Last Monday, April 8, 2013 just one night after the start of the new season of Mad Men, A.C.T.’s new performance space, The Costume Shop unveiled its own nostalgic blast from the past — the latest in a fleet of mid-century sleek and candy-colored cigarette machines.
These antique carcinogen delivery systems have been disarmed and reclaimed by North Carolinian artist Clark Whittington. They are now Art-o-mat® machines — repurposed cigarette vending machines that dispense art and are, in and of themselves, art.

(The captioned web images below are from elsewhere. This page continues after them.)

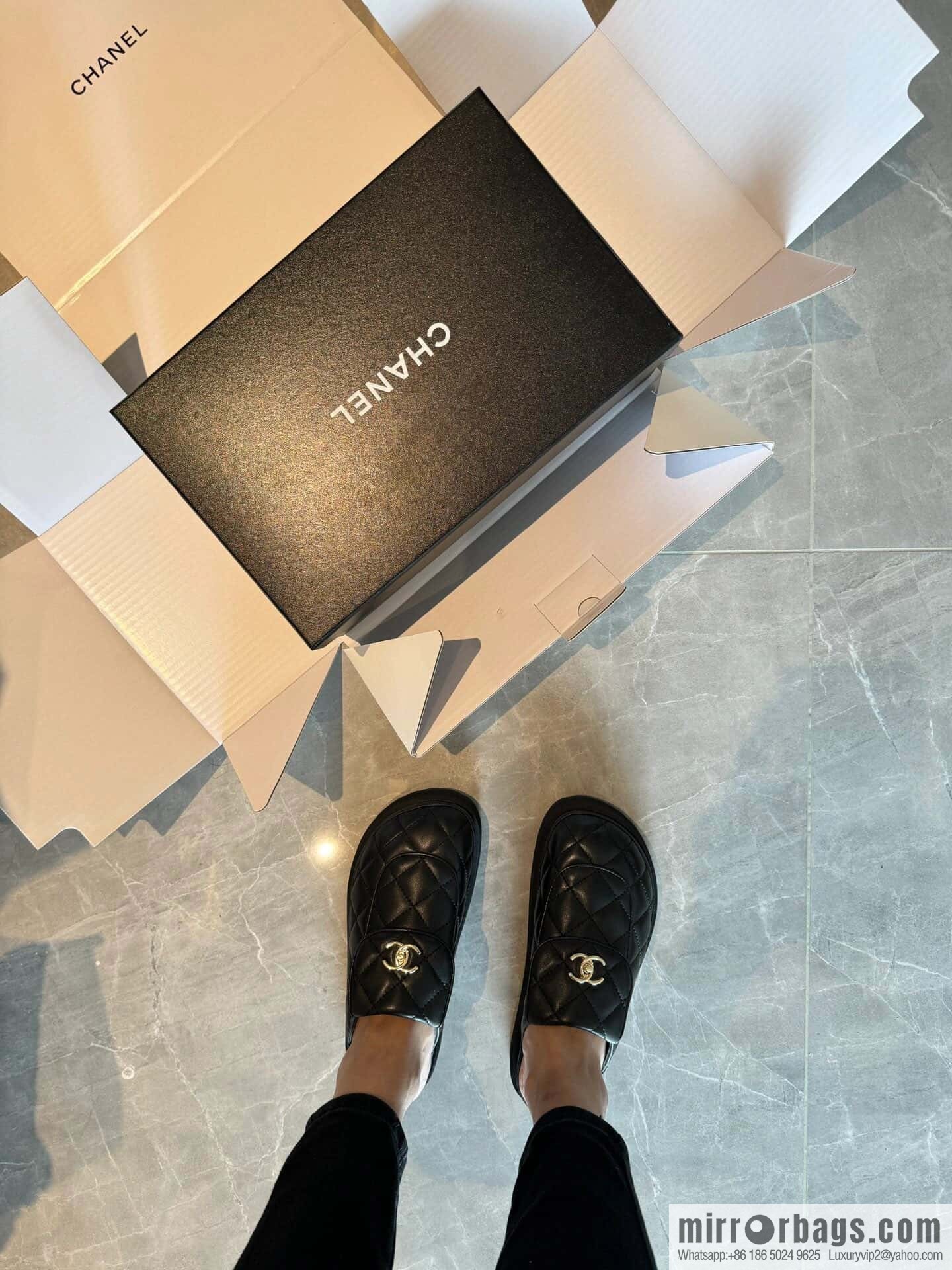 CHANEL Xiaoxiang rhombus metal buckle platform loafers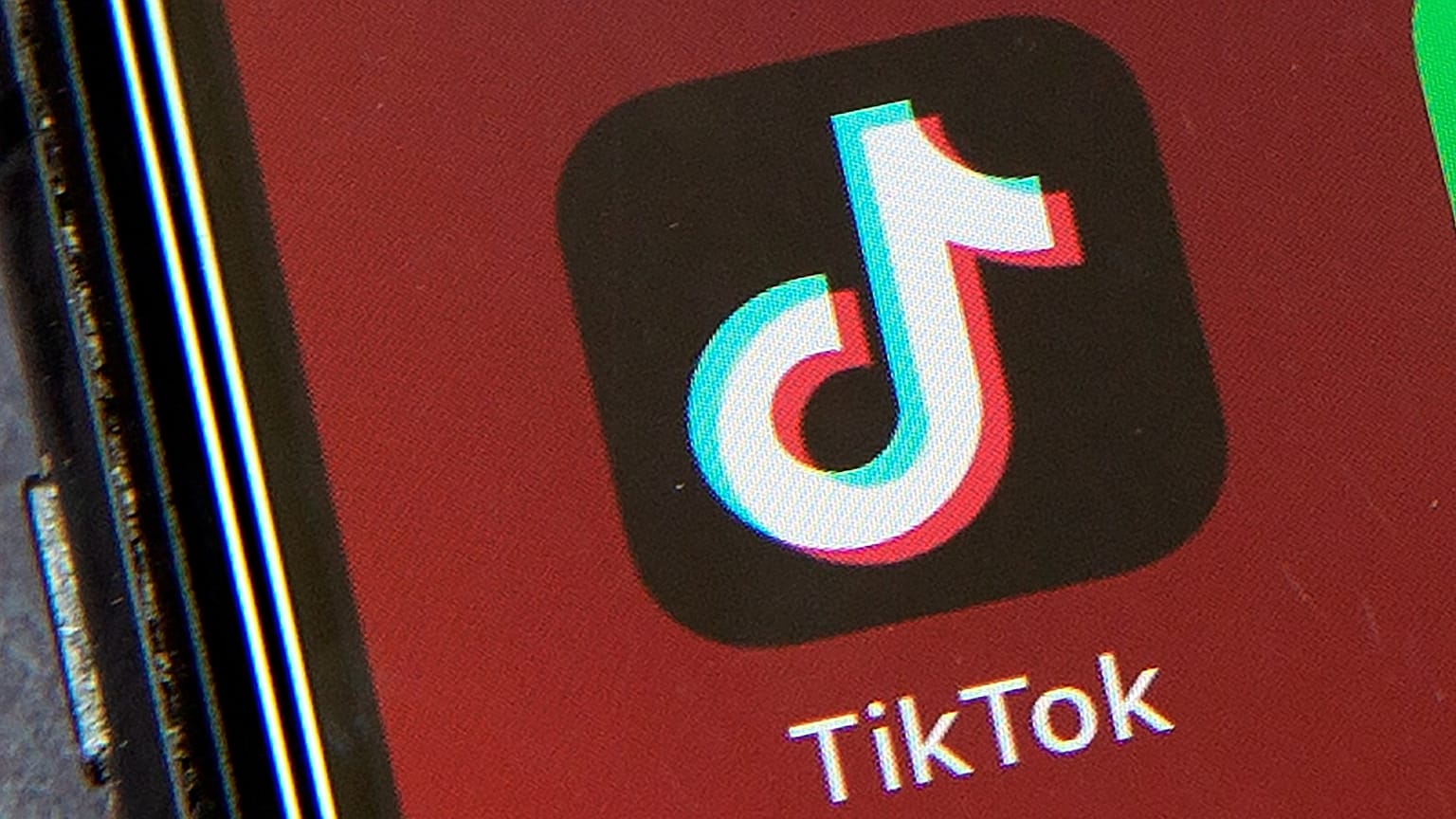 Icono de TikTok en pantalla de movil
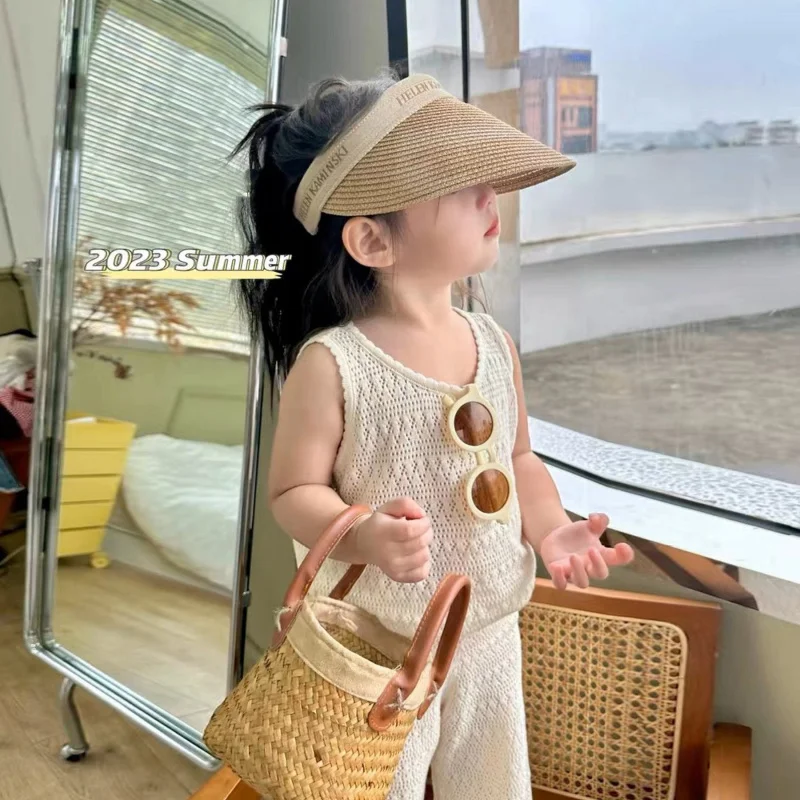 2025Summer Girls' Thin Western Style Knitted Suit Hollow Breathable Vest Wide Leg Pants Two-Piece Suit Fashion
2025Summer Girls' Thin Western Style Knitted Suit Hollow Breathable Vest Wide Leg Pants Two-Piece Suit Fashion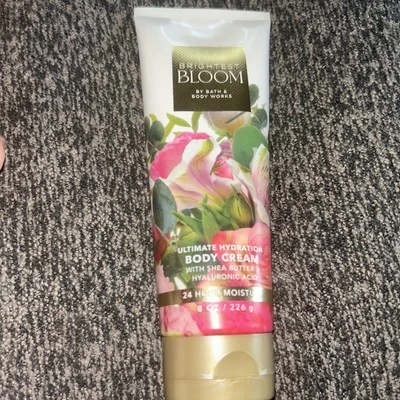 Bath & Body Works BRIGHTEST BLOOM Shea Butter + Hyaluronic Acid Body Cream 8 Oz - Image 1 of 2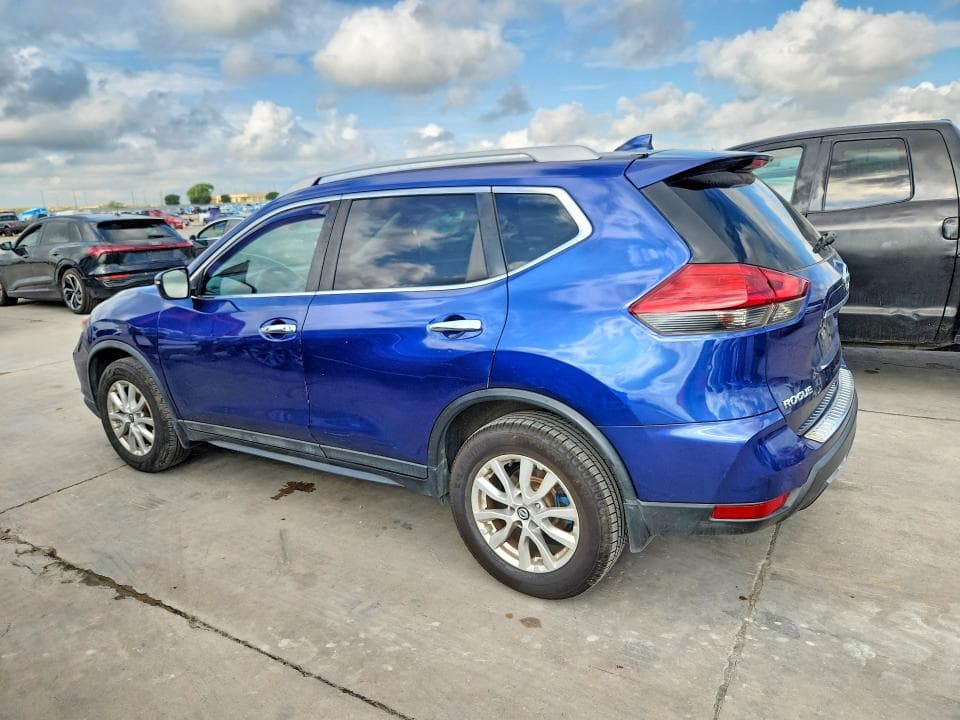 2017 NISSAN ROGUE SV 2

With geographically poetic justice, Whittington installed his first Art-o-mat® in Winston-Salem in 1997. As part of his art show in a café, he used a recently-banned cigarette vending machine to dispense black and white photos mounted on blocks the size of cigarette packs. They sold for a buck a piece.
Since then, Whittington has salvaged over one hundred old machines from the dustbin –- or the ashtray –- of history. In robin’s egg blue or roadster red, these retro classics are eye-catching eye-candy, like a vintage jukebox or a pinball machine. Whittington salvaged dozens of these defunct machines, revamped, and repurposed them as a conduit for public access to art ownership and art commerce.

In order to manage the growing number of Art-o-mat® machines, Whittington teamed up with other local artists and they formed the groupArtists in Cellophane (AIC) which sponsors the Art-o-mat® organization. Machines are installed across the country, including in the Whitney Museum of American Art in New York and the National Portrait Gallery in Washington, D.C. And there are several in Las Vegas, where one inebriated smoker, Whittington recounted, woke the next morning to find art on his night table, instead of the cigarettes he thought he had purchased.